** Extracted data follows **

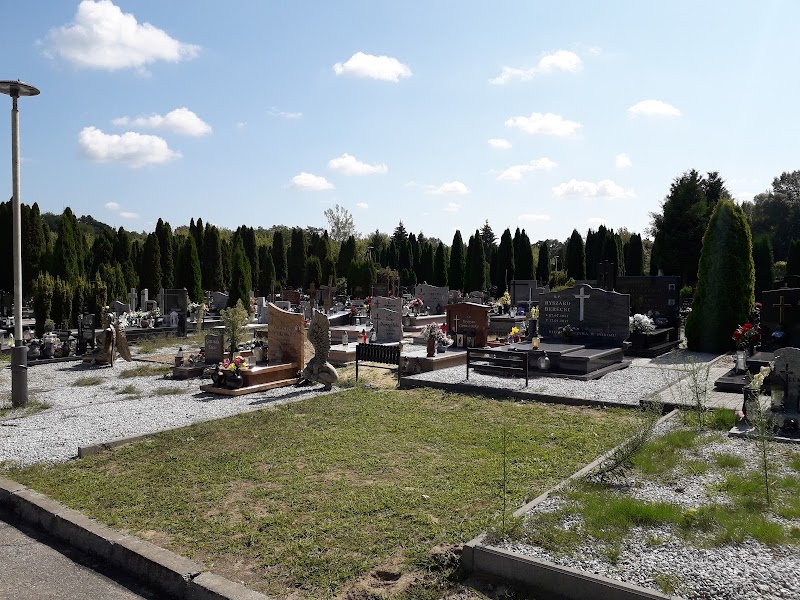 Zdjęcie firmy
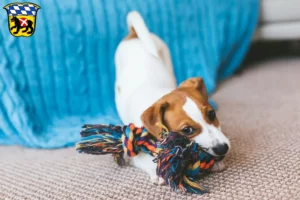 Mehr über den Artikel erfahren Jack Russell Züchter und Welpen in Freising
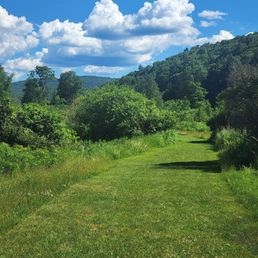 Hiking trails at Kayaking in the Catskills, Halcottsville NY Hiking trails at Kayaking in the Catskills, Halcottsville NY
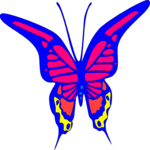 Butterfly 023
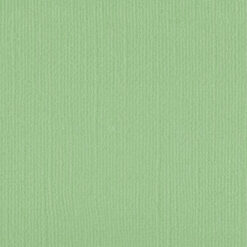 205515 Spring Bud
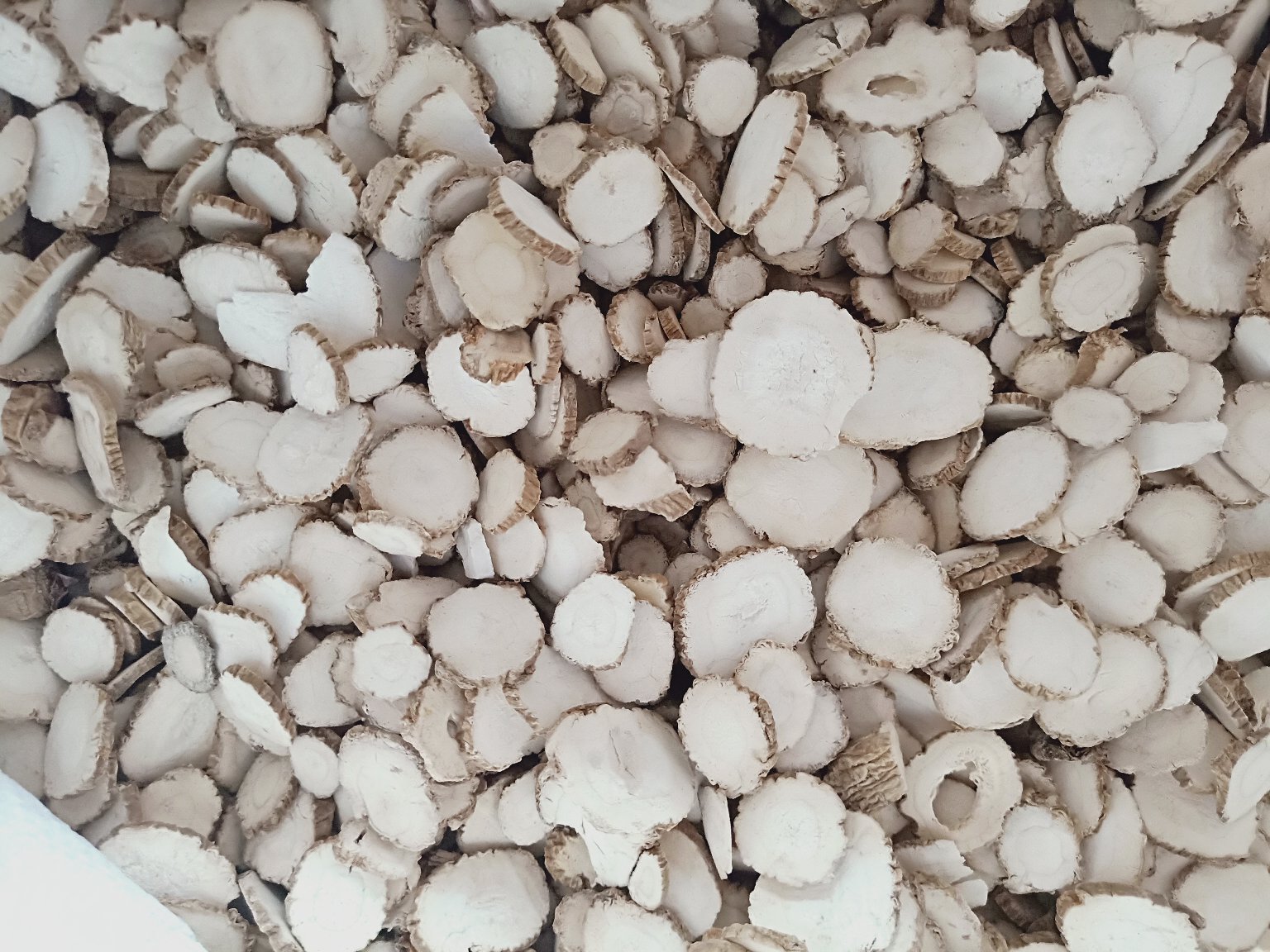 左侧为淡绿色至黄褐色的槐米花蕾,颗粒细小,表面有细密绒毛;右侧为类白色至淡黄棕色的白芷切片,呈不规则圆形或椭圆形,质地脆,断面可见放射状纹理,气味芳香 槐米与白芷原药材对比图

** End of Extracted data **

→ Instructions for the task
From the line with "205515 Spring Bud" through the end of the listing, write out every line exactly, leaving out the pictures.

→ Result below
 205515 Spring Bud
 左侧为淡绿色至黄褐色的槐米花蕾,颗粒细小,表面有细密绒毛;右侧为类白色至淡黄棕色的白芷切片,呈不规则圆形或椭圆形,质地脆,断面可见放射状纹理,气味芳香 槐米与白芷原药材对比图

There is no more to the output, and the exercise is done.